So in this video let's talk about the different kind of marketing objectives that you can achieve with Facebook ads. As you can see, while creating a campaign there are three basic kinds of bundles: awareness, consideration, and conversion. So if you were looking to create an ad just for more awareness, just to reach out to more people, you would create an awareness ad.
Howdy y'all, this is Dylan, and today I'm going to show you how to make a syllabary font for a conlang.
...
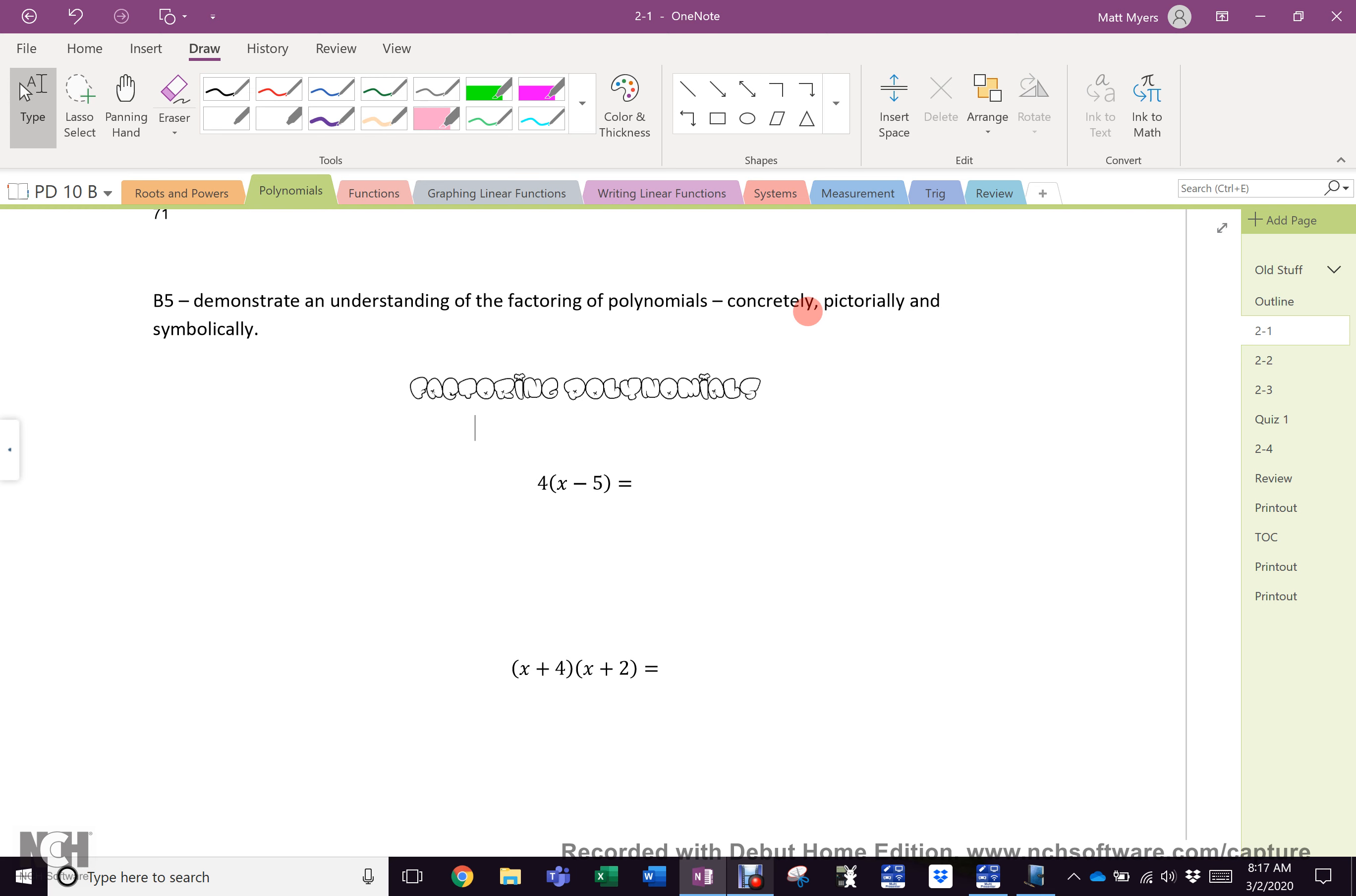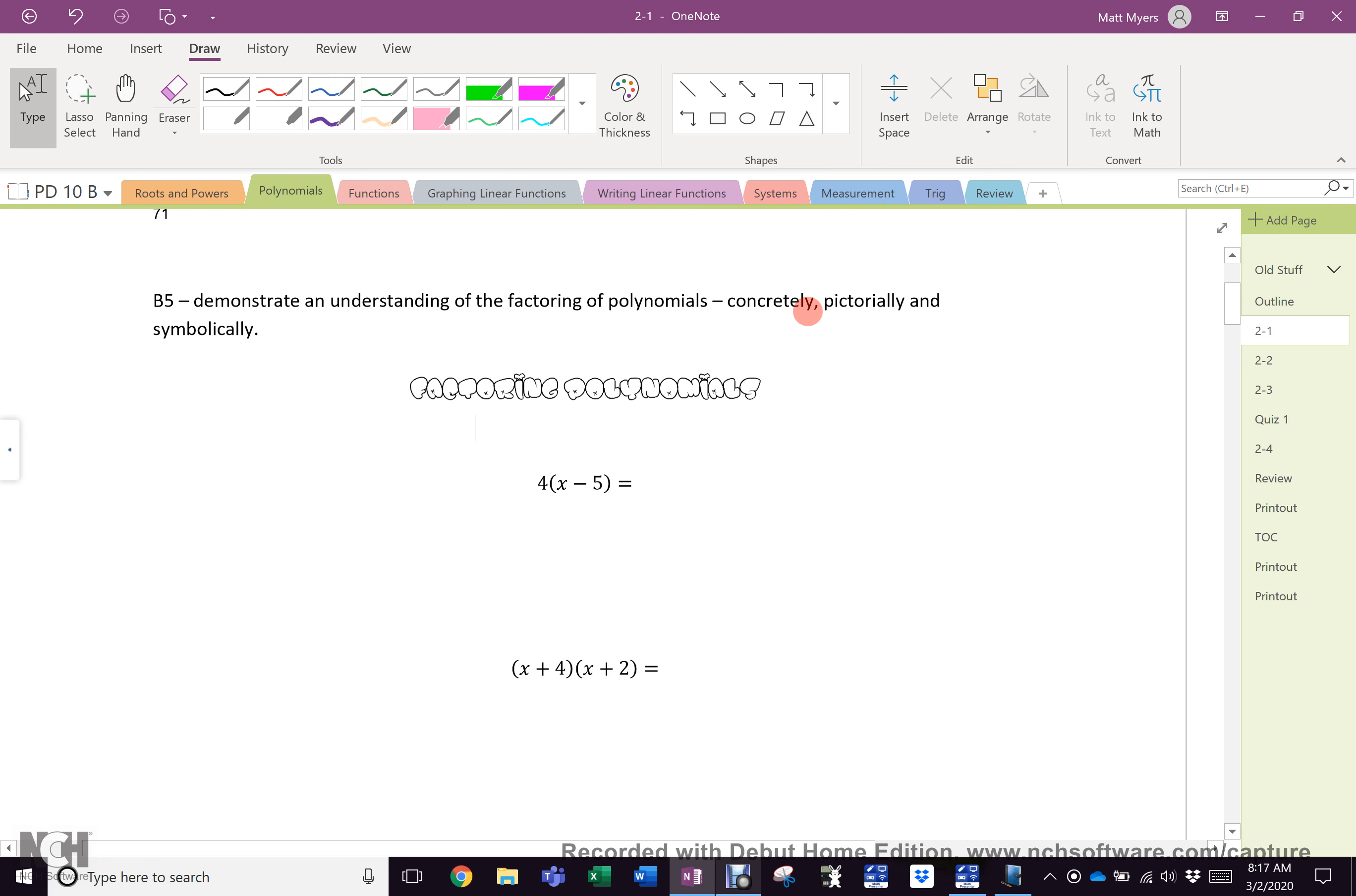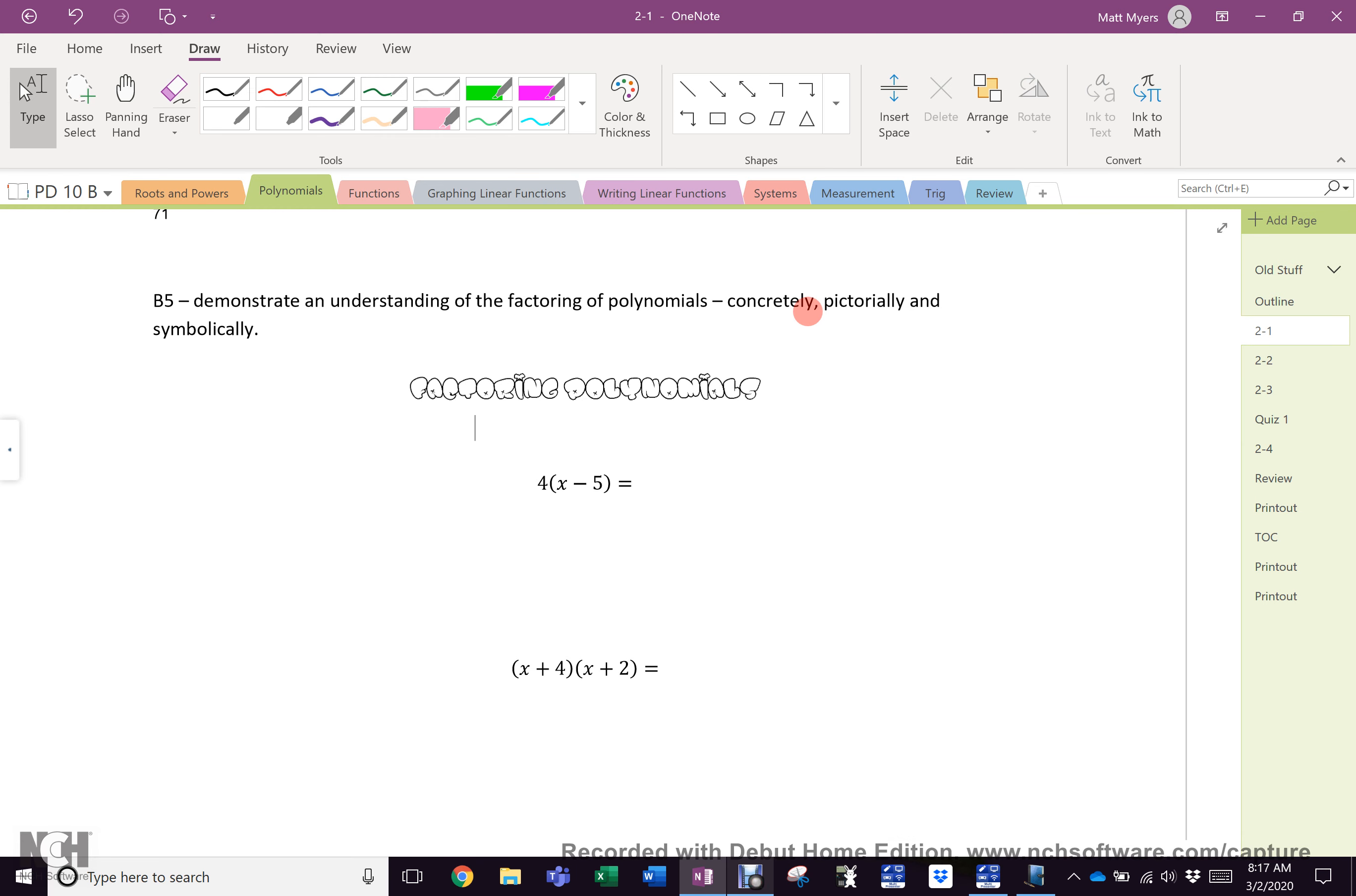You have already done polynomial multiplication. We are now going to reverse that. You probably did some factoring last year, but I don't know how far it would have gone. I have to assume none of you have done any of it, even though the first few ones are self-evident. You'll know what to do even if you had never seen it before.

* **TO DO**
Across the records above, show each line containing the word "this".

* **EXERCISE SOLUTION**
So in this video let's talk about the different kind of marketing objectives that you can achieve with Facebook ads. As you can see, while creating a campaign there are three basic kinds of bundles: awareness, consideration, and conversion. So if you were looking to create an ad just for more awareness, just to reach out to more people, you would create an awareness ad.
Howdy y'all, this is Dylan, and today I'm going to show you how to make a syllabary font for a conlang.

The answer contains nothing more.